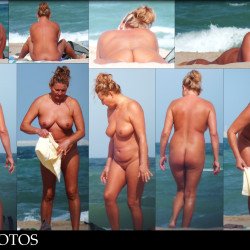 Pic #4 Hot Big Tits MILF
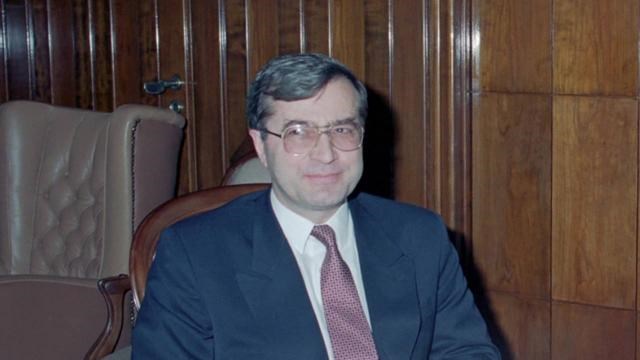 Το συμβολικό όνομα της υπόθεσης της Δυτικής Θράκης: Δρ Sadik Ahmet – Από την Ευρασία – Ειδήσεις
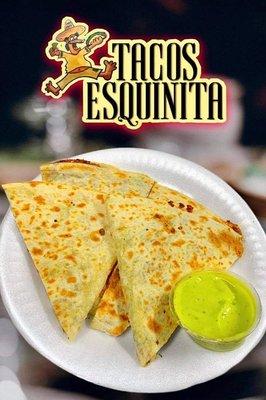 Quesadilla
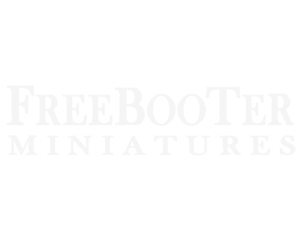 freebooter miniatures
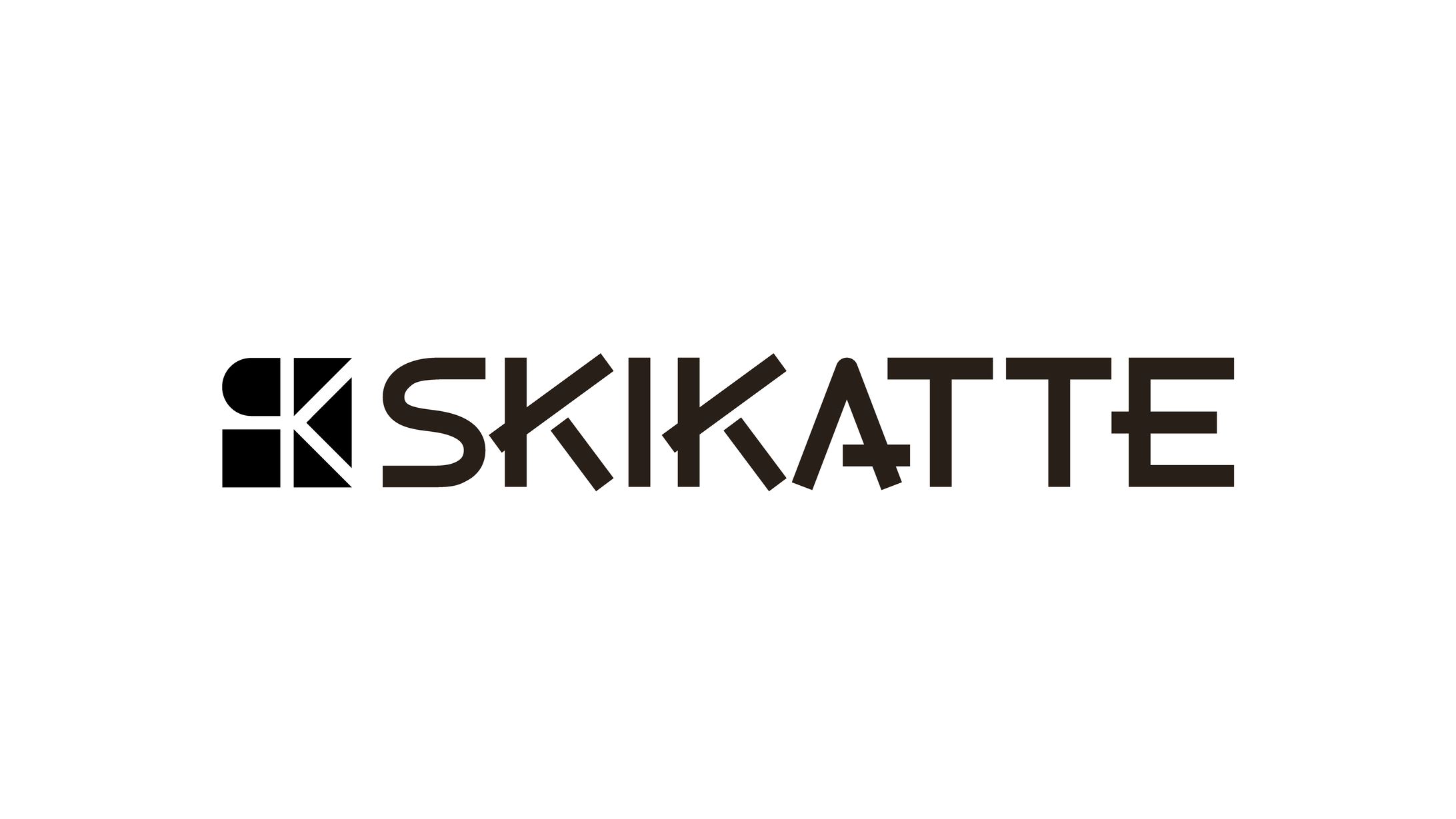 [works]SKIKATTEロゴデザイン-1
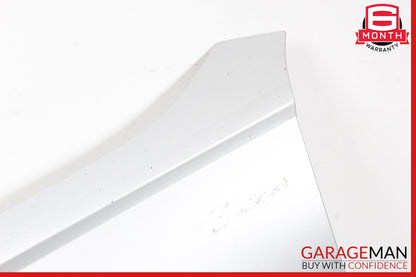 2012-2018 Audi A6 S6 Front Left Driver Side Fender Panel 4G0821101 OEM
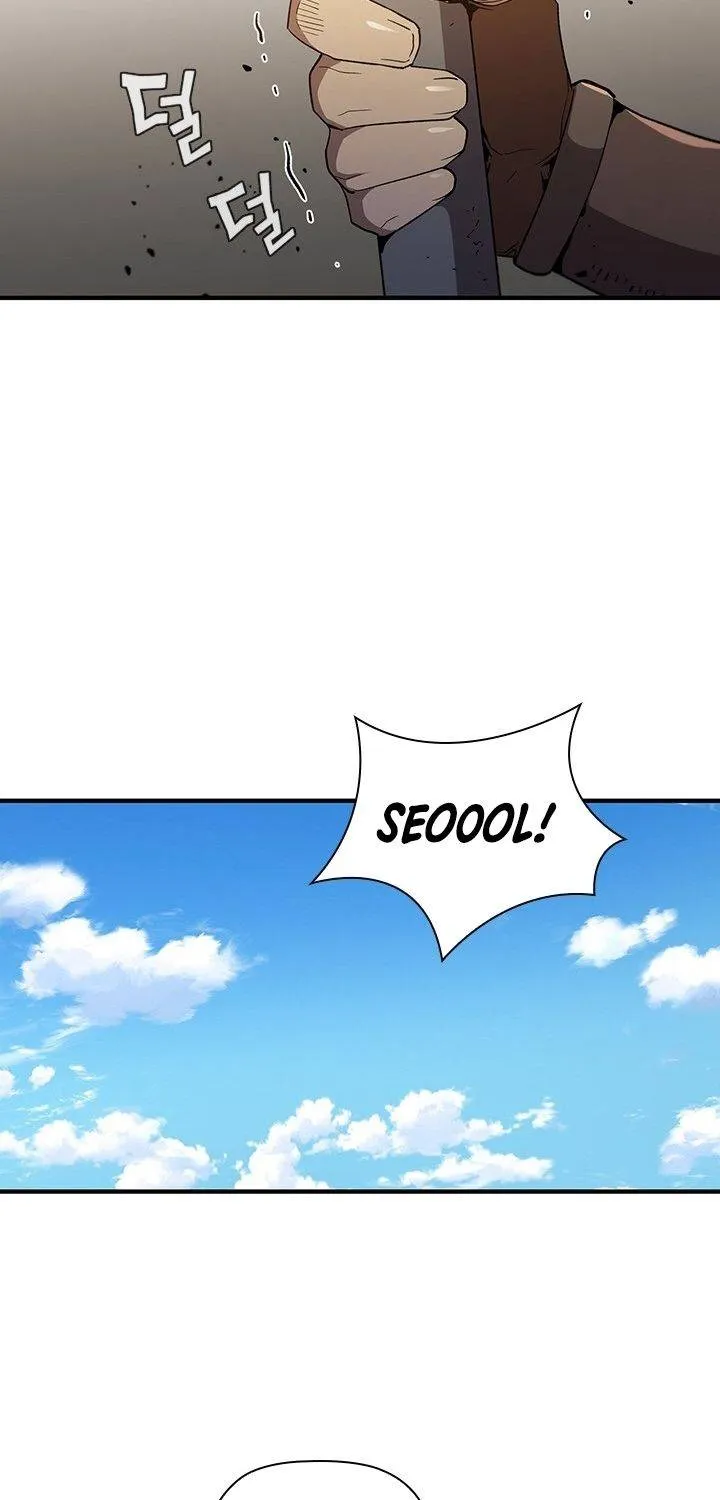 The Second Coming Of Gluttony Mangakakalot X Chapter 50 Page 73
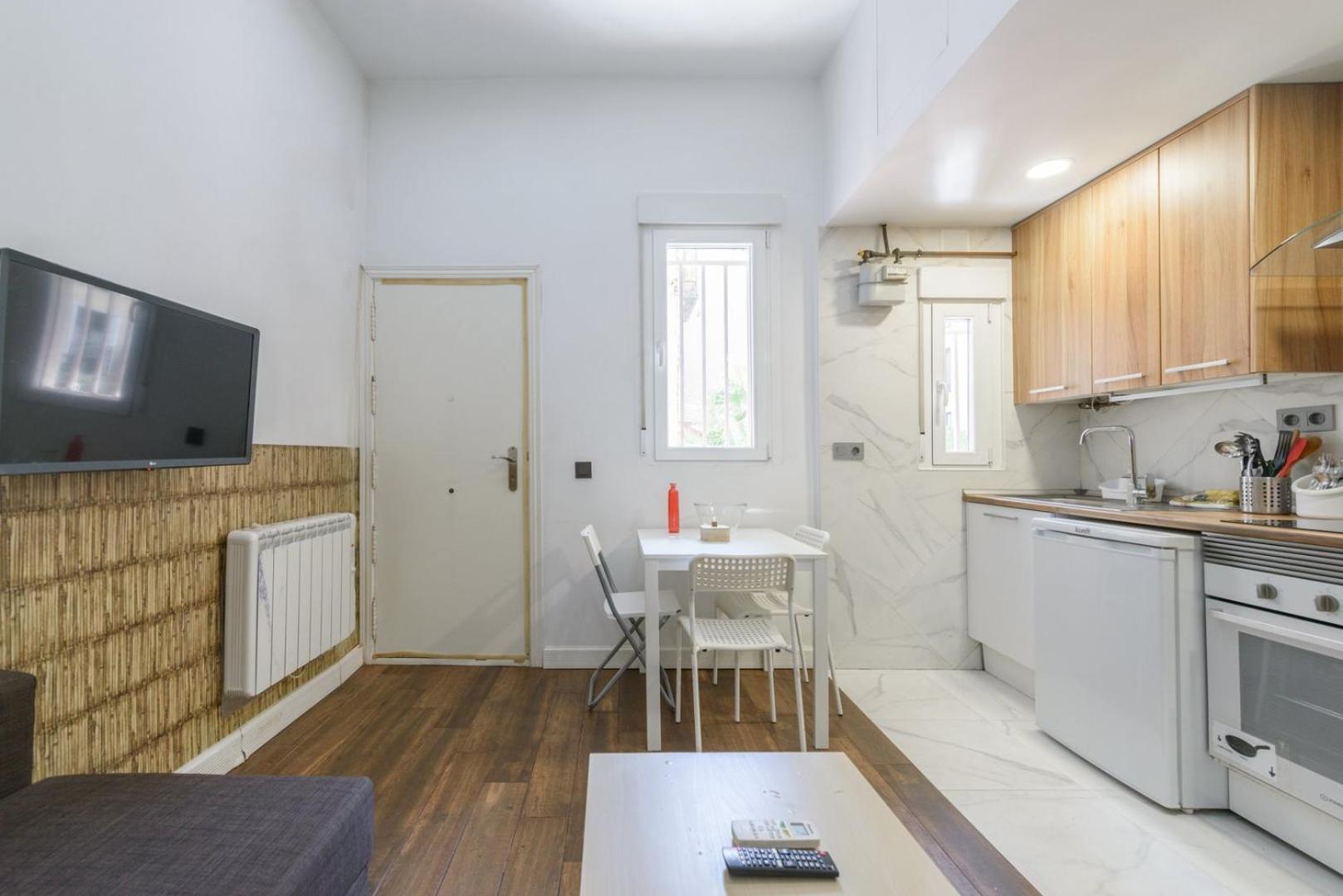 Apartamento Guestready - Serene Escape *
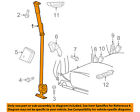 5jj811dvac Mopar Chrysler Oem Front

==================================================

What is needed:
Output everything in the records exactly, leaving pictures out.

Output of the task:
 Pic #4 Hot Big Tits MILF
 Το συμβολικό όνομα της υπόθεσης της Δυτικής Θράκης: Δρ Sadik Ahmet – Από την Ευρασία – Ειδήσεις
 Quesadilla
 freebooter miniatures
 [works]SKIKATTEロゴデザイン-1
 2012-2018 Audi A6 S6 Front Left Driver Side Fender Panel 4G0821101 OEM
 The Second Coming Of Gluttony Mangakakalot X Chapter 50 Page 73
 Apartamento Guestready - Serene Escape *
 5jj811dvac Mopar Chrysler Oem Front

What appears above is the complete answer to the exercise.